Hoje, temos a vigarice institucionalizada. Líderes evangelistas encontraram a porta da festa escancarada e entraram sem convite! Descobriram a fraqueza do povo: o desespero da vida. Então, a convulsão social aumentou o nosso medo, a ânsia por segurança, e apagou o foco das verdades eternas para substituí-las pelo imediato – a busca da prosperidade, prato feito para o time dos profissionais da fé. A prioridade é a mesma dos não religiosos: o espaço aqui. Fala-se do céu, mas como pano de fundo de um cenário qualquer.

Miríades de pregadores, com a voracidade descontrolada, se organizam em redes mafiosas para perseguir o ouro e a prata. Fazem treinamentos intensos de impostação de voz com os seus sequazes, para que os tais simulem o mais fielmente possível o estilo de discurso do líder maior, o santo patrão. Normalmente, o cara é bispo – até apóstolo. Menos do que isso, como ostentação de título inventado não serve, não tem impacto. É a síndrome dos títulos eclesiásticos dos circuitos fechados alienantes. Pastor ou missionário não tem mais força popular. Apóstolo é porreta!

O gestual acompanha a mesma abordagem dolosa: movimentos e gestos do líder escolhido devem ser imitados para que a imagem do tal se consolide com sucesso na mente do povo. Os líderes evangelistas, usando técnicas teatrais, fixam a sua imagem a qualquer preço... Elaboram um branding[2], fazem pastiche, imitam as agências de propaganda. Esses monstros predeterminam estilos comportamentais de fala, gestos, reações, olhares ensaiados, enfim, o típico encarceramento perceptivo imposto. Porque existe a necessidade de criar um rótulo, que recebe autenticidade a partir de um conjunto de ações que sustente uma teologia qualquer.

As idiossincrasias introjetadas no devoto vão construir um “modo teológico”, uma diferenciação qualquer, intuída, para concretizar novo grupo social na igreja. É preciso a implantação de novidades para atrair o povo, pois a vida é um processo em constante mudança. Na indumentária dos fiéis, nos gestos de piedade assentados por intuição, que seja um código implantado e embebido em vaidade, uma vez que o crente precisa ser identificado por seus iguais, como pelos líderes. Não importa o grupo cristão, dos mais despojados aos mais paramentados, da Igreja de Roma ou de Lutero, o processo é o mesmo na preparação das ovelhas: a implantação da culpa e do medo.

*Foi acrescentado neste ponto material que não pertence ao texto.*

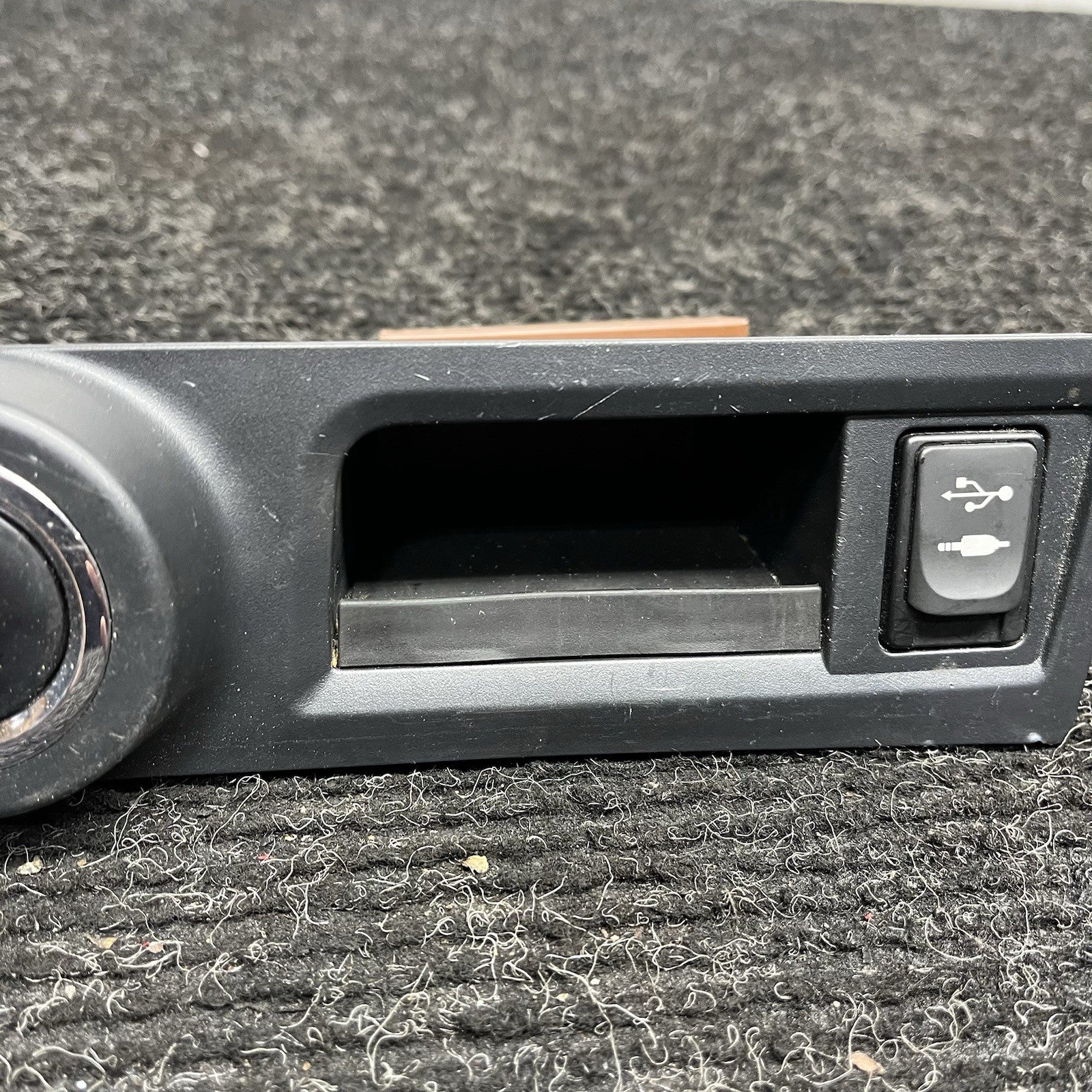 ☑️ 2013-20 Toyota 86 BRZ Scion FRS Engine Ignition Switch Push Start Button OEM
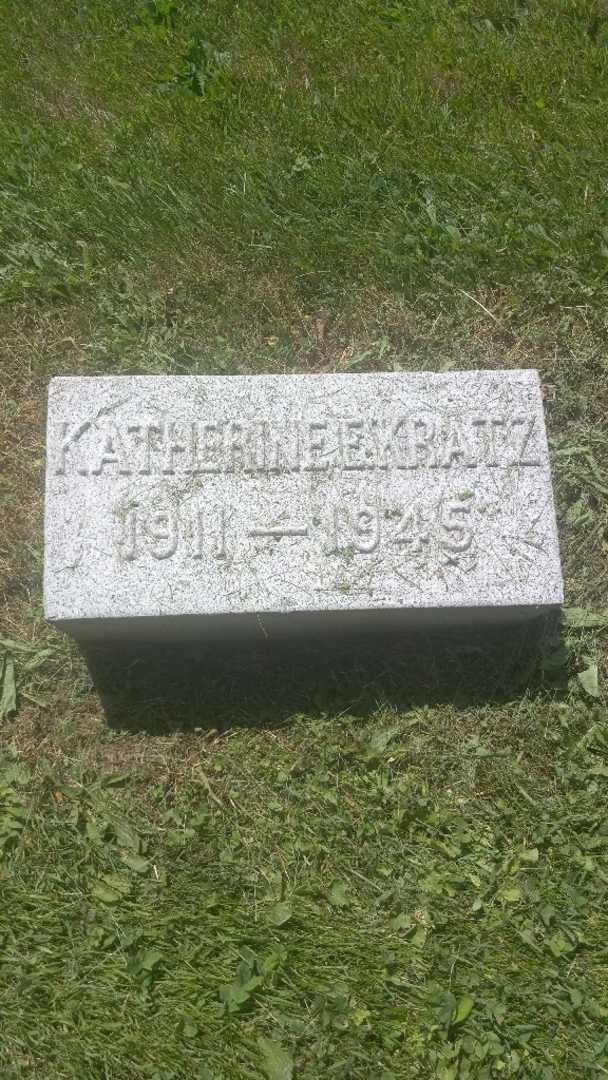 Katherine E. Kratz's grave. Photo 4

Por que o ensinamento moral tem que ser permeado pelas fantasias e ameaças de danos eternos como propõe a religião do Livro? É fácil entender: sem ameaça, medo e culpa as pessoas não são doutrinadas com sucesso. Nessa linha de raciocínio, como então dogmatizar um desigrejado? O ensinamento que uma criança recebe dos seus pais não vem acompanhado de dogmas, mas sim embasado com a simplicidade do bom caminho que ela deve seguir na vida. Do mesmo jeito que a boa moral não vem da Bíblia, que não é parâmetro para o nosso tempo. Vem dos pais, da família, dos professores e amigos verdadeiros. Ora, nem toda família tem condições de transmitir princípios morais elevados, porém, muito menos um livro escrito há milênios, quando as regras sociais e as leis eram completamente díspares das que temos hoje, a exemplo de apedrejarem a mulher ou os próprios filhos até a morte quando cometiam certos pecados previstos na lei de Moisés...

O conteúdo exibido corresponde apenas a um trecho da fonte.